本日の演奏曲目も”カスティーリャ”色が濃厚なものを選んだ。
プレリュード
1981年に「Preludes」と題されて出版された。三曲のプレリュードが収録されいるが、それぞれに副題はなく、既存のトローバ楽曲とは趣を異としている。トローバお得意のスペイン音楽風味は極めて薄い。トローバのキャリアのかなり後期の作品であるが、彼が若い頃学んだマドリッドの前衛芸術家集団27年世代の雰囲気を感じさせる。楽譜が入手困難であるのと、一般に思われているスペイン音楽とは違うタイプの音楽なのでほとんど演奏されることがない。だが、ところどころに現れるカスティーリャ風の旋律やリズム要素は明らかにトローバ風であり、新古典派的なトローバ作品としてもっと弾かれてよい作品である。
カスティーリャ組曲
(ファンダンギーリョ、耕し歌、ダンサ)
1920年代に書かれたダンサが巨匠アンドレス・セゴビア曰く「ギタリスト以外の作曲家によって書かれた初のギター作品」とのこと。残念ながらこの栄誉はファリャ作曲のドビュッシー讃歌に与えられるのが通常のギター史の定説である。ファンダンギーリョは強いアンダルシア感を感じさせる。耕し歌の和声はまさに印象派。ギターの平行移動の和音をうまく用いている。終曲に置かれているダンサは、前2曲と比べると素直な和声感であり、華やかな終わりとなっている。
特性的小品集
(プレアンブロ、オリーブ畑にて、ブルガレサ、五月、夜明けの唄、パノラマ)
小品集と言いつつ6曲でひとまとまりの作品となっている。第1曲のプレアンブロからスタートし、最後のパノラマではそれまでの曲の断片がすべて登場し締めくくりとなっている。三曲目は出版譜では「メロディア」という曲になっているが、アンドレス・セゴビアの実演では三曲目はブルガレサで置き換えられるのが常であった(本日はこのバージョンで演奏する)。全編を通して感じとれる寂寞とした空気感はまさにカスティーリャの空気感そのものである。
スペインの城
(トゥレガノ、トリーハ、マンサナーレス・エル・レアル、松のロマンス、アルカニィス、シグエンサ、アルバ・デ・トルメス、アルカーサル・デ・セゴビア)

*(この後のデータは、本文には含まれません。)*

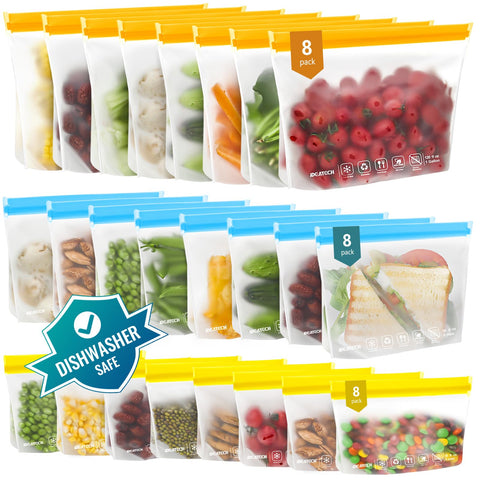 IDEATECH 24Pack freezer bags with leakproof zipper for secure liquid storage.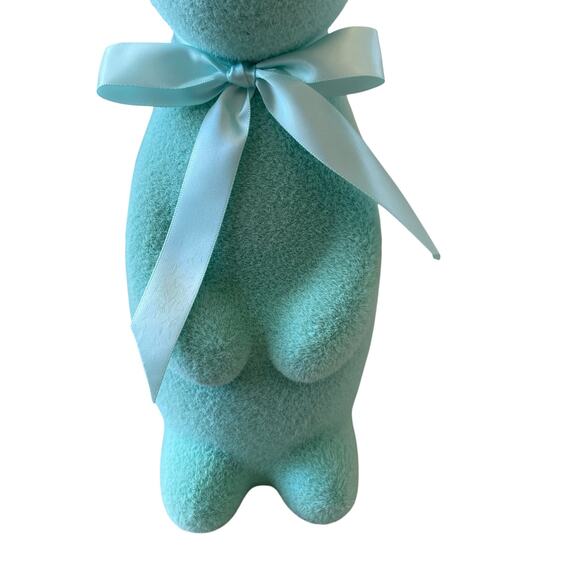 SPRING GATHERINGS 15in Aqua Flocked Bunny With Faux Pearl Ears & Ribbon New - Picture 7 of 15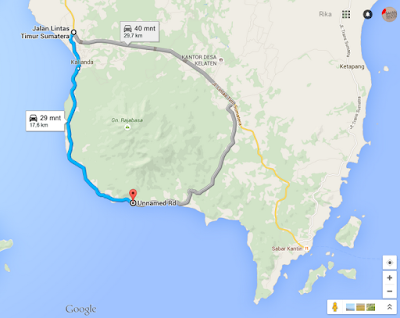 rute perjalanan, diambil dari Google Maps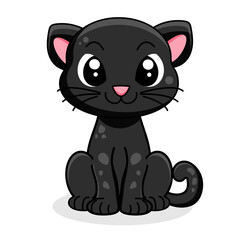 Cute Panther Cartoon Kawaii Sticker. Character Vector Illustration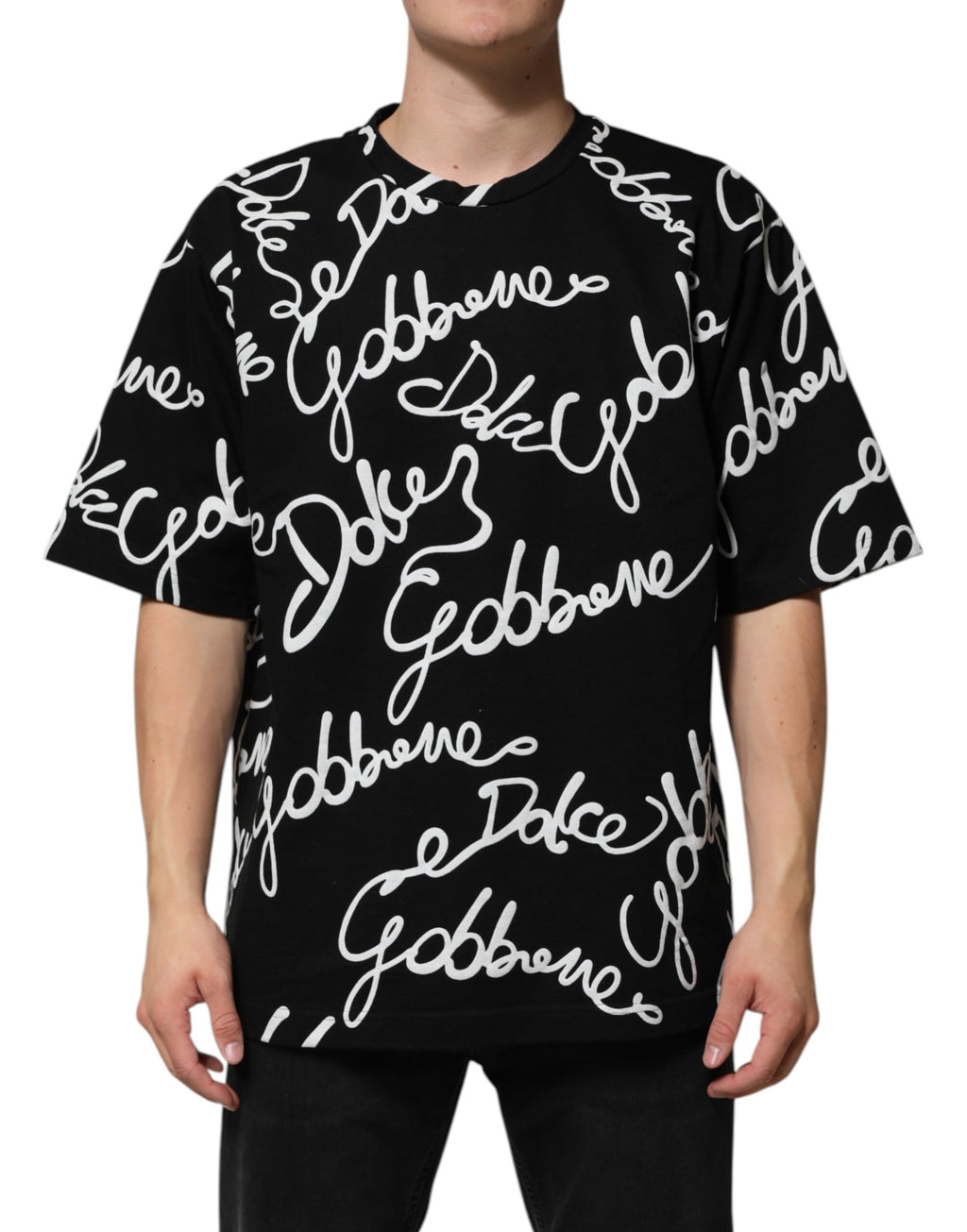 Black Logo Print Cotton Crew Neck T-shirt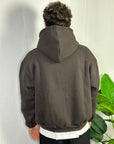 Felpa Boxy Fit Zip Marrone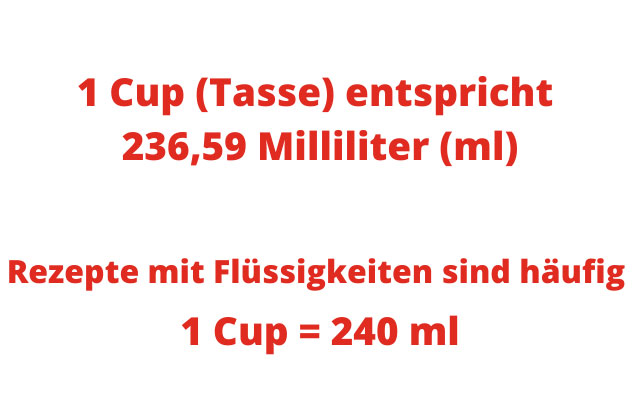 1 Cup = 240 ml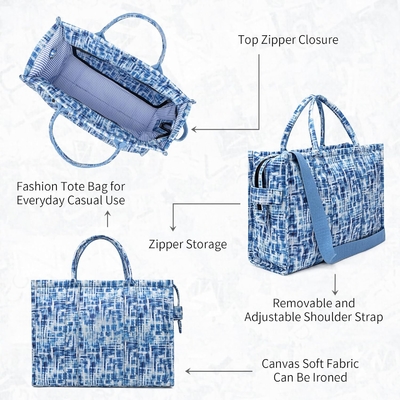 BOLSA DE CANVAS TOTE BOLSA DE MUJERES BOLSA de moda BOLSA de hombro con cremallera BOLSA de cuerpo cruzado para viaje de trabajo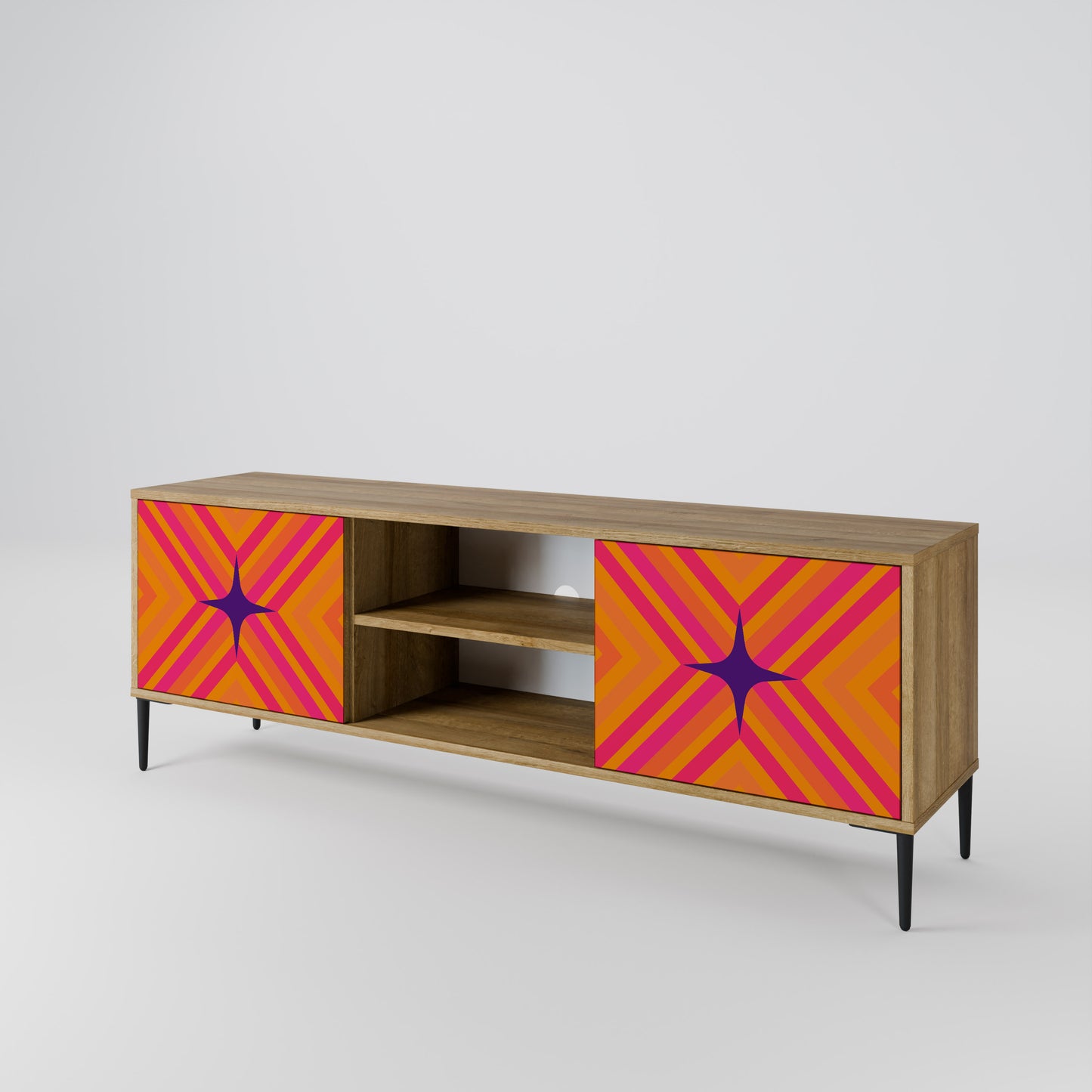 Mobile TV a 2 ante GEOMETRIC BRILLIANCE in effetto rovere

スペインの城は実在する古城をイメージして書かれた曲である。スペインの城連作には他にも数曲あるが、アンドレス・セゴビアが”8つのスペインのスケッチ”としてまとめたのが本日演奏される8曲である。リズミカルなトゥレガノから始まり、ニ長調のトリーハ、ハ長調のマンサナーレスへ調を落としつつ進み、松のロマンスとアルカニィスでイ長調の朗らかな様子を効果的に挟み、シグエンサのミスティックな風情へとつなぐ。アルバ・デ・トルメスではトローバの新古典主義的センスが感じ取れるが、終曲では帰営ラッパを模したオープニングから始まり華やかな締めくくりを見せている。
ラ・マンチャの歌
(ヘリゴンサ、冬がやってきた、コプリーリャ、羊飼いの娘、ラ・セギディーリャ)
トローバ珠玉の名曲であるのにも関わらず、出版譜そのままだと演奏不可能であること、実演が極めて少ないことからあまり演奏されることがなかった曲。長調の曲に挟まれる「冬がやってきた」「羊飼いの娘」は寂滅感の印象が強いものの美しく心に残る。冒頭と終曲の「ヘリゴンサ」「ラ・セギディーリャ」のスペインの古風な舞曲感はまさにトローバのお家芸である。終曲の手前に置かれる羊飼いの娘の複合拍子感は息の長さからはスペインの古い中世音楽例えば聖母マリア頌歌集など)からの影響を感じさせる。今回の演奏にあたっては、古今東西のすべての録音をあたり楽譜のエディットを行なった。1番参考になったのは引退した巨匠ジョン・ウィリアムズのものである。